◆ TASK STATEMENT: The records are to be repeated exactly, and any images in them are to be dropped.
START MATERIAL SUPPLIED
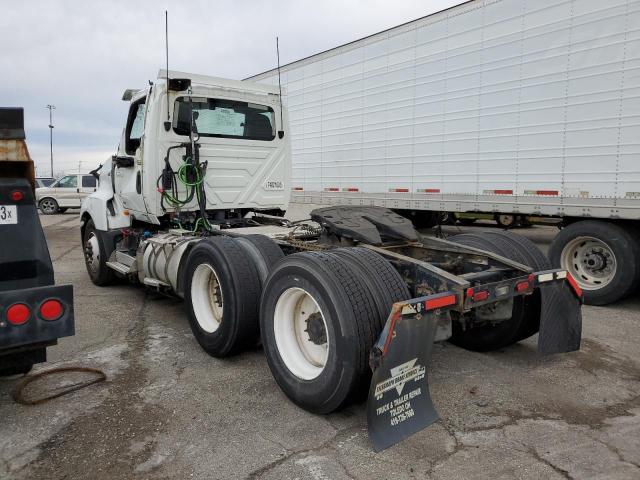 Image 3 of 2019 INTERNATIONAL LT625  2019 with VIN 3HCDZTZR1KL563710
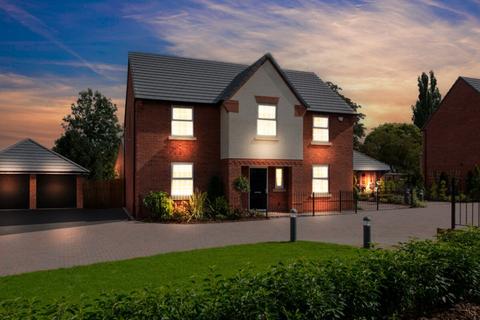 4 bedroom detached house for sale, Nantwich CW5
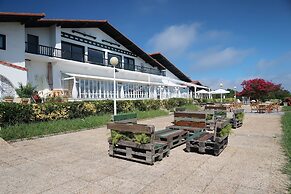 Hotel Gudamendi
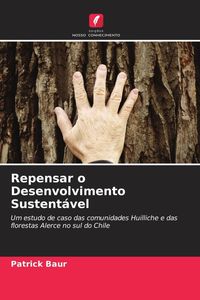 Produktbild: Repensar o Desenvolvimento Sustent&aacute;vel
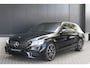 Mercedes-Benz C-klasse Estate 180d Business Solution AMG | Trekhaak | Digi. Dash. | CarPlay | DAB | Rear View Cam. |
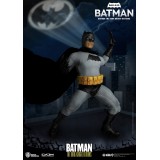 BATMAN THE DARK KNIGHT RETURNS DAH-043 ACTION FIGURE BEAST KINGDOM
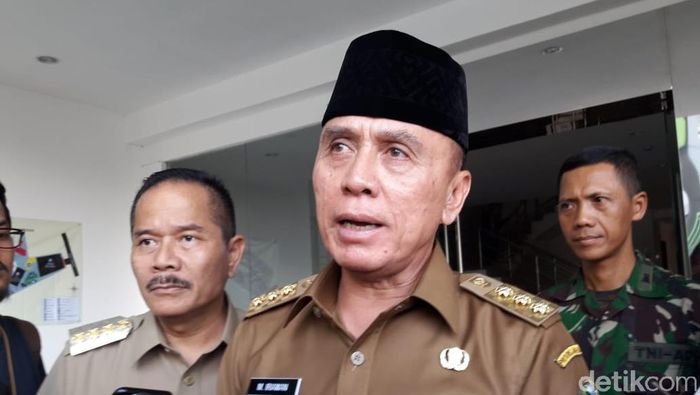 Foto: Isal Mawardi/detikcom Foto: Isal Mawardi/detikcom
END MATERIAL SUPPLIED
◆ WORKED SOLUTION:
 Image 3 of 2019 INTERNATIONAL LT625  2019 with VIN 3HCDZTZR1KL563710
 4 bedroom detached house for sale, Nantwich CW5
 Hotel Gudamendi
 Produktbild: Repensar o Desenvolvimento Sustent&aacute;vel
 Mercedes-Benz C-klasse Estate 180d Business Solution AMG | Trekhaak | Digi. Dash. | CarPlay | DAB | Rear View Cam. |
 BATMAN THE DARK KNIGHT RETURNS DAH-043 ACTION FIGURE BEAST KINGDOM
 Foto: Isal Mawardi/detikcom Foto: Isal Mawardi/detikcom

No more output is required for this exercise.